Write out the entries exactly, pictures excluded.

SUPPLIED DATA START

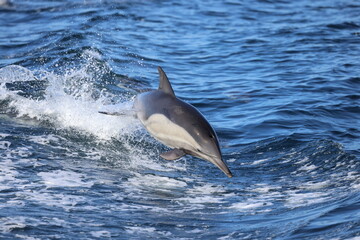 dolphin jumping out of water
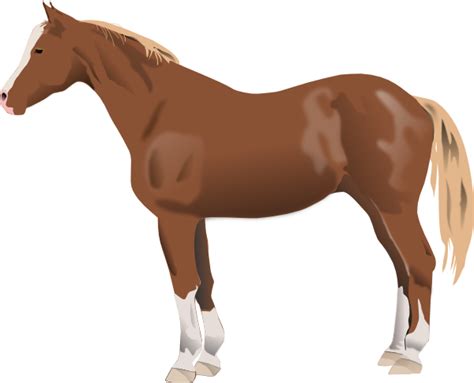 horse clip art  clkercom vector clip art  royalty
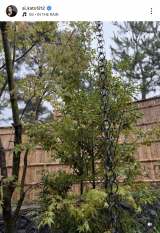 uŋ߁AR̒ŊJ̏߂悤ɂȂĂv(ʐ^̓CX^O @ai_kato1212 ) 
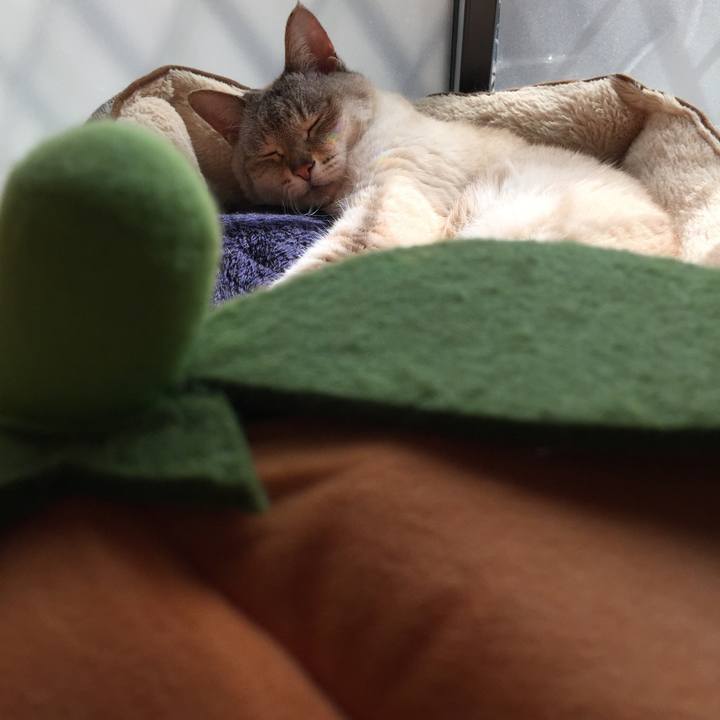 C9767a49 3022 4c97 bf18 07b1a371b6c7 1520572491912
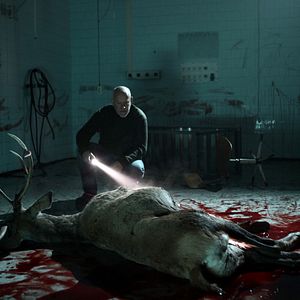 Foto Tomas Norström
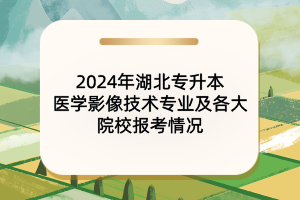 2024年湖北專升本醫(yī)學(xué)影像技術(shù)專業(yè)及院校報考情況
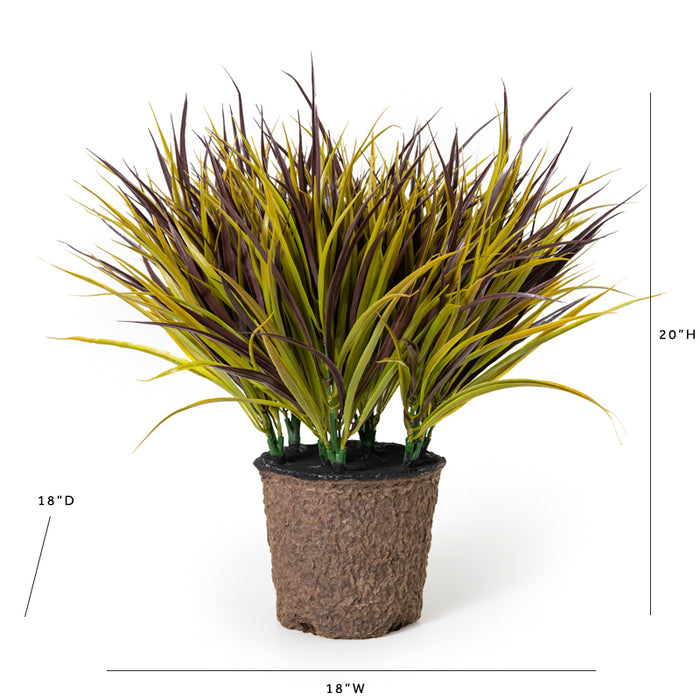 Liriope Grass 20"H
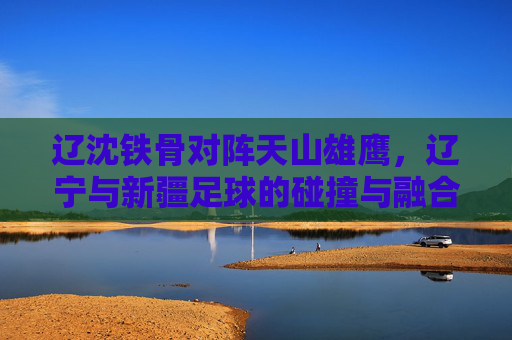辽沈铁骨对阵天山雄鹰,辽宁与新疆足球的碰撞与融合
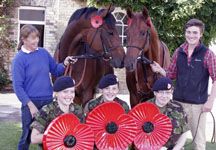 Poppy_horses.jpg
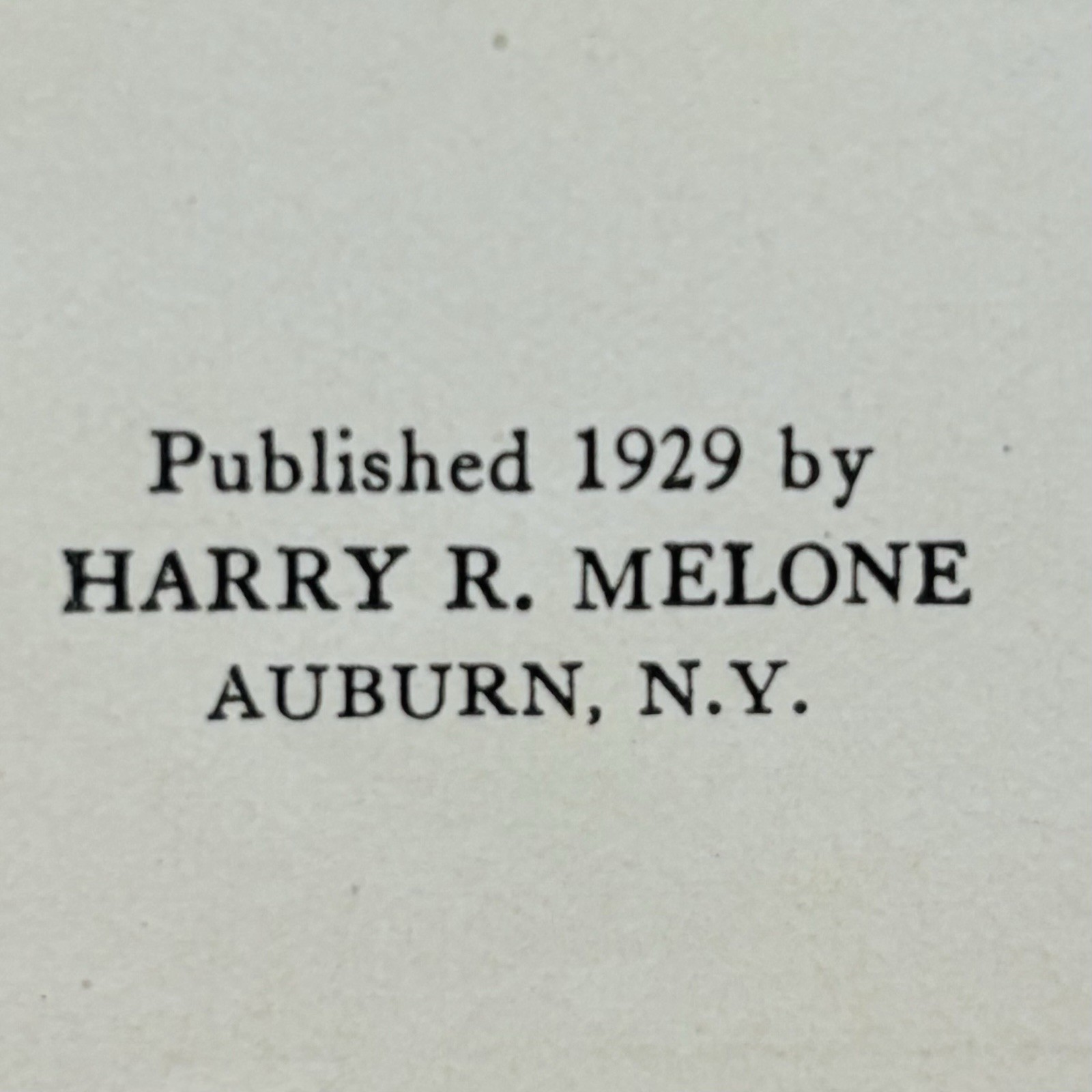 RARE 1st Ed Vtg AUBURN NY Finger Lakes History Air Ship SULLIVAN  CAMPAIGN 1929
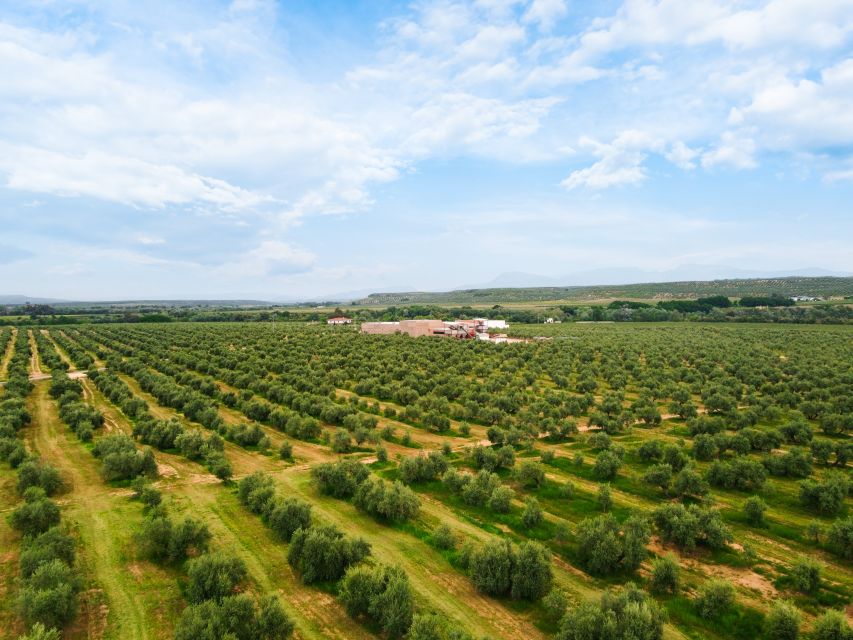 Jaen: Olive oil tour with the 5 senses, grove and tasing - Why this Jaén olive oil tour is worth your time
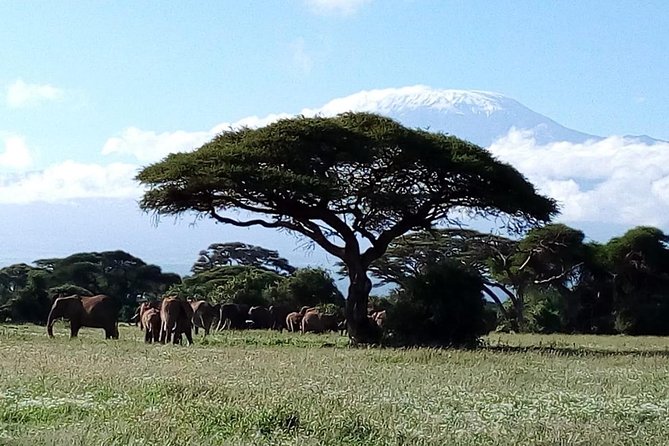 4-Day Safari: Lake Manyara, Serengeti & Ngorongoro - The strongest reasons to choose this safari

SUPPLIED DATA END

* [EXERCISE ANSWER]
 dolphin jumping out of water
 horse clip art  clkercom vector clip art  royalty
 uŋ߁AR̒ŊJ̏߂悤ɂȂĂv(ʐ^̓CX^O @ai_kato1212 ) 
 C9767a49 3022 4c97 bf18 07b1a371b6c7 1520572491912
 Foto Tomas Norström
 2024年湖北專升本醫(yī)學(xué)影像技術(shù)專業(yè)及院校報考情況
 Liriope Grass 20"H
辽沈铁骨对阵天山雄鹰,辽宁与新疆足球的碰撞与融合
 Poppy_horses.jpg
 RARE 1st Ed Vtg AUBURN NY Finger Lakes History Air Ship SULLIVAN  CAMPAIGN 1929
 Jaen: Olive oil tour with the 5 senses, grove and tasing - Why this Jaén olive oil tour is worth your time
 4-Day Safari: Lake Manyara, Serengeti & Ngorongoro - The strongest reasons to choose this safari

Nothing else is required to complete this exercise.